La technologie au service de la traçabilité de la production minière
L’amélioration du cadre réglementaire n’est pas le seul avantage qu’offre la technologie aux États africains. Le gouvernement ghanéen en a donné récemment l’exemple, en annonçant la numérisation complète de son laboratoire national d’analyse des minerais précieux.
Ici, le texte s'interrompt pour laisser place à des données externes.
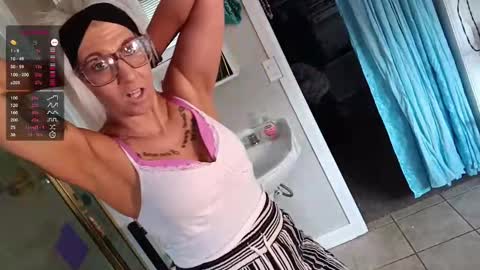 kikilovespartylights online show from 03/12/25, 08:41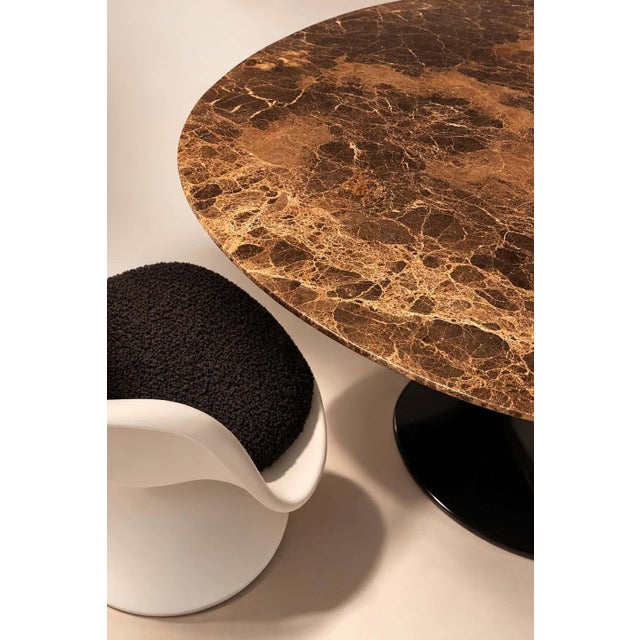 Emperor Marble Tulip Table by Eero Saarinen for Knoll International, 1980s, in Flawless conditions. Designed 1950 to 1959...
Pour le DG de la Precious Minerals Marketing Company, cette avancée permet aux dirigeants de mieux assurer la traçabilité des exportations et lutter contre les fraudes, car la production minière est désormais dotée de certificats d’authenticité difficilement falsifiables.
« En cliquant sur un bouton, les personnes autorisées peuvent tracer la quantité d'or exportée en kilogrammes et en onces, la destination de l'exportation, la valeur en cédis ghanéens et en dollars, la retenue à la source, l'exportateur et bien d'autres données pertinentes », ajoute-t-il.
Si la technologie utilisée n’a pas été précisée, d’autres outils numériques font davantage l’objet de publicité, à l’image de la blockchain. L’outil, peu connu il y a une décennie, a gagné une publicité importante ces dernières années et ses applications dans l’industrie minière commencent à peine à se généraliser. En Afrique, les compagnies minières sont à nouveau à l’avant-garde et certaines d’entre elles, notamment les producteurs de diamants canadien Lucara et sud-africain De Beers l’utilisent déjà. En garantissant à tous ceux qui y ont accès le caractère infalsifiable de toutes les transactions, la blockchain permet aux clients de ses entreprises de retracer le parcours des pierres précieuses afin de s’assurer que la chaîne d’approvisionnement obéit à des normes responsables. En RDC, des initiatives blockchain voient aussi le jour depuis quelques années pour permettre aux groupes industriels consommateurs de cobalt de suivre la production du pays et s’assurer que le métal n’est pas produit grâce au travail des enfants.
Pour l’instant, les États miniers africains sont peu présents sur cette technologie, mais ses avantages devraient les inciter à y recourir progressivement.